■ DATA BLOCK ■
* * *

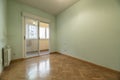 Empty living room with oak herringbone parquet flooring, light green Royalty Free Stock Photo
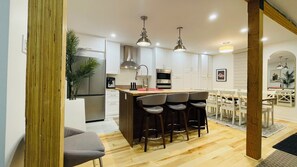Une cuisine moderne dotée d’un îlot central, de tabourets de bar et d’un coin repas avec des chaises blanches.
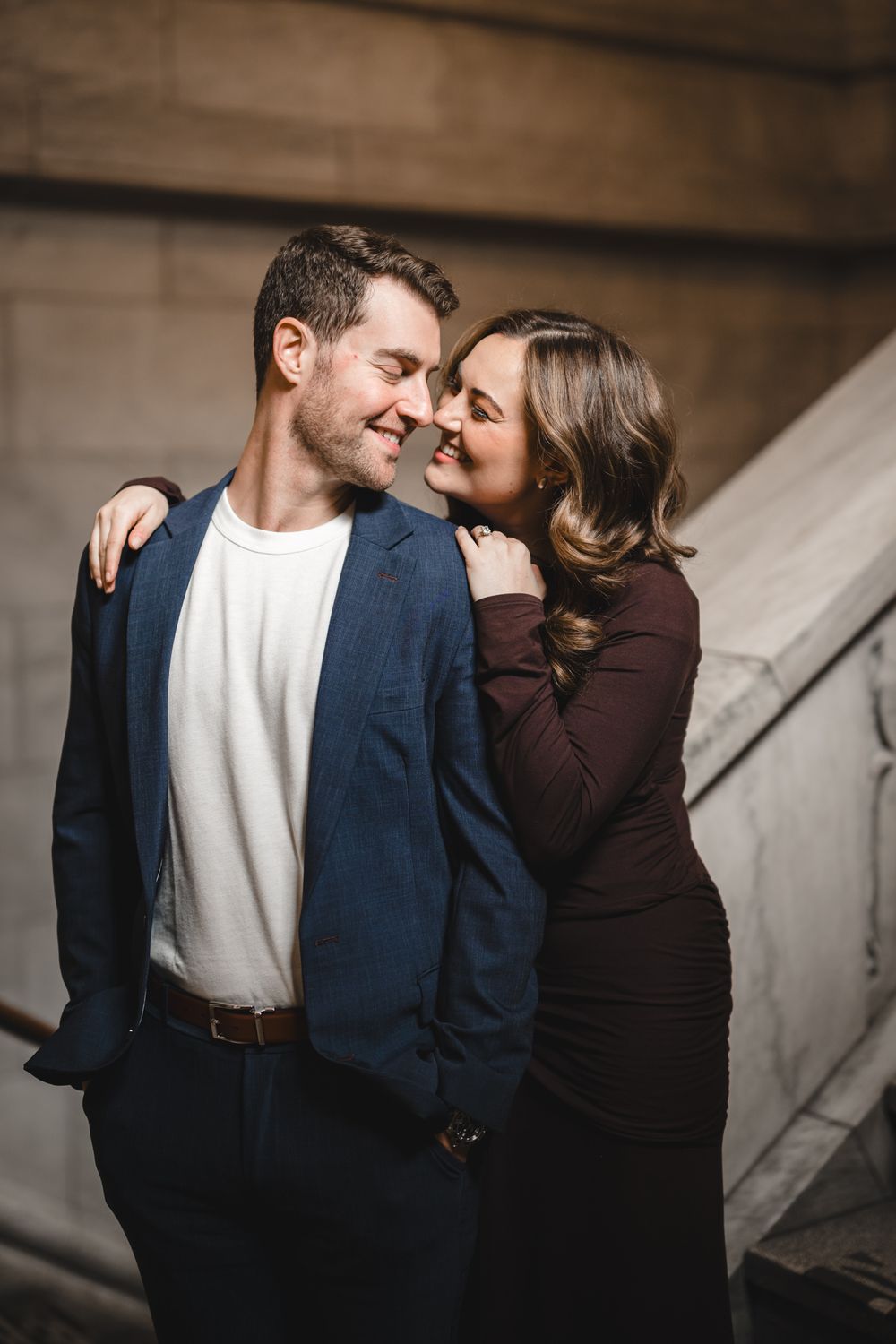Intimate couple moment captured in warm lighting against stone architecture.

* * *

■ WHAT YOU ARE ASKED TO DO ■
Retype the entire listing exactly as it appears, dropping only the pictures.

■ RESPONSE BELOW ■
 Empty living room with oak herringbone parquet flooring, light green Royalty Free Stock Photo
Une cuisine moderne dotée d’un îlot central, de tabourets de bar et d’un coin repas avec des chaises blanches.
Intimate couple moment captured in warm lighting against stone architecture.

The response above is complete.